Trump e il muro alla frontiera, il racconto di un ruvese in Messico

Giuseppe Elicio, economista trasferitosi in centro America per lavoro, ci racconta cosa è accaduto subito dopo l'elezione del discusso presidente e gli effetti della sua politica estera

Attualità
Ruvo di Puglia giovedì 16 febbraio 2017
di Francesca Elicio
Protesta in Messico
Protesta in Messico © Giuseppe Elicio

Che Trump diventasse l’argomento all’ordine del giorno dei media internazionali, lo si era capito sin dalla sua elezione. E per diversi giorni non si è parlato d’altro che della sua scelta di far costruire un muro al confine con il Messico. Un muro che dovrebbe dividere gli Usa da uno stato che, a detta del neo Presidente, sarebbe il polo di attrazione per lo sbarco di migranti irregolari e di narcotraffico.

Ma i messicani non ci stanno. A raccontare il clima che si sta vivendo nell’ultimo periodo è Giuseppe Elicio, ruvese emigrato in Messico per lavoro. Al momento fa il consulente economico di un ex politico locale e lavora nell’area di sviluppo progetti in un'impresa di sicurezza privata.

«Qui in Messico - ci racconta - si sono vissute sensazioni differenti dopo l’elezione di Trump. Prima si avvertiva sconcerto, ma in tanti pensavano non ce l’avrebbe fatta; dopo la vittoria, c'è stata davvero molta incredulità mista ad altrettanta preoccupazione».   

E tutto questo ha contribuito a far precipitare la situazione messicana. «In questi mesi - continua Giuseppe - ci sono state tante difficoltà per l’economia: il peso messicano ha perso valore nei confronti del dollaro, l’inflazione è aumentata, la benzina ha avuto un incremento del 17%. E molte persone associano questi fenomeni direttamente all’entrata in scena di Trump».

Ma i punti di vista circa il futuro economico del Messico sono differenti: «Io come tanti altri economisti opiniamo che tutte le riforme politiche ed economiche che sta attuando Trump avranno effetti negativi negli Usa nel medio o lungo periodo.
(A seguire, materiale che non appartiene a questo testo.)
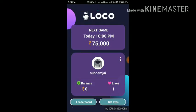Once you're signed in, you will see a game available to start every night. As you can see, my balance is zero and I have one live. The game goes live at 8:24 and you can open it at 10am to play.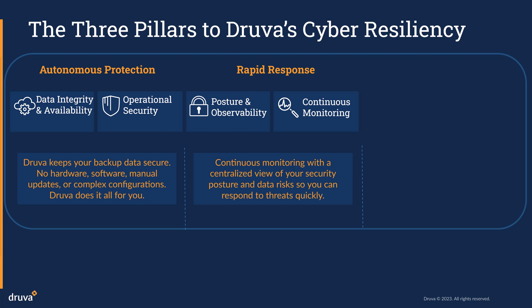Make backup an integrated part of your security posture with SOAR, SIEM, and API integrations.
Come sempre, ogni volta che si rompe un equilibrio si creano opportunità e c’è chi si ritrova beneficiato e chi invece svantaggiato».

Giuseppe ci racconta che al momento i cittadini messicani sono preoccupati per la creazione di questo fantomatico muro; temono soprattutto un rientro di massa dei connazionali che vivono attualmente negli Stati Uniti. Senza dimenticare la tassa del 20% sui prodotti messicani importanti negli Usa.

«Come sempre l’opinione pubblica è divisa; però in questo caso la maggior parte dei messicani si trova d’accordo sul contestare le riforme che sta attuando e vorrà in futuro attuare il Presidente. Il governo messicano al momento sembra per certi aspetti resistente alle minacce di Trump, come ad esempio rispetto alla costruzione del muro o alla revisione del trattato di libero commercio su aspetti non convenienti al Messico; per altri appare meno forte e molto impotente, come sull’aumento della benzina che non è riuscito ad evitare».

Ma al momento non sembrerebbero esserci gravi conseguenze: «A parte qualche rappresaglia e manifestazione, ho dubbi sulla nascita di una guerra».